Al pasar al estudio de los cargos formulados, la Sala encontró que, bajo una de las interpretaciones plausibles de la norma, la denegación del amparo era el hecho que daba como resultado la imposición de la multa de un SMLV. Empero, no era claro qué criterio debían utilizar las autoridades judiciales para imponer o no la multa contemplada en la norma demandada. En primer lugar, la determinación de una situación de pobreza seguía criterios subjetivos; por lo tanto, este concepto podía diferir entre el solicitante y el juez, sin que esto necesariamente implicara un obrar de mala fe o irrazonable por parte del usuario de la administración de justicia. Segundo, la norma podía ser interpretada en el sentido de que ella no exigía verificar la mala fe del actor, sino simplemente que se concluyera que no se pudo acreditar lo relativo a la capacidad económica del solicitante, para efectos de imponer la multa. Esta interpretación no era compatible con el debido proceso.

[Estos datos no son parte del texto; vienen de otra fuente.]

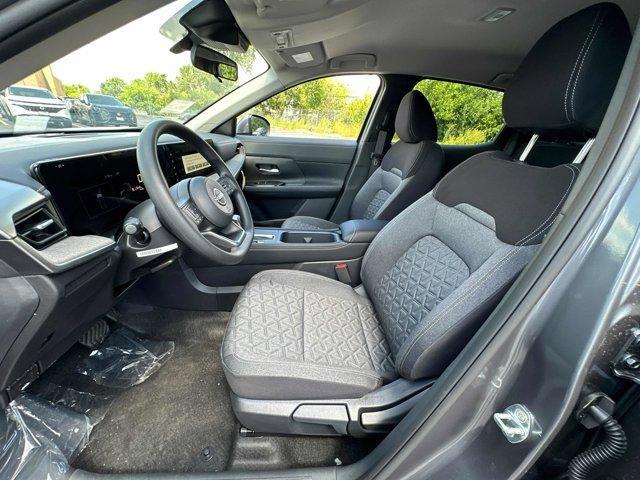 new 2025 Nissan Kicks car, priced at $25,055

De otra parte, el efecto disuasivo que tenía una multa que se imponía siempre que se denegara una solicitud, sin importar las razones por lo que esto ocurría, como era posible interpretarlo, generaba un desestimulo u obstáculo para que las personas en situación de pobreza pudieran acceder a la justicia. El solicitar un amparo de pobreza conllevaba el riesgo obvio de que la solicitud se negara y, lo que era más relevante, según la interpretación en comento, traía consigo el riesgo de que se impusiera una multa al solicitante, por el hecho de haberse negado su solicitud. En este sentido, esta interpretación no era compatible con el derecho a acceder a la justicia.

Por lo anterior, la Corte declaró la exequibilidad condicionada de la norma prevista en el segundo inciso del artículo 153 del CGP, en el entendido de que la sanción allí establecida debía ser impuesta luego de establecer que el solicitante obró de mala fe. Para tal efecto, la sanción debía seguir lo dispuesto en el artículo 59 de la Ley 270 de 1996.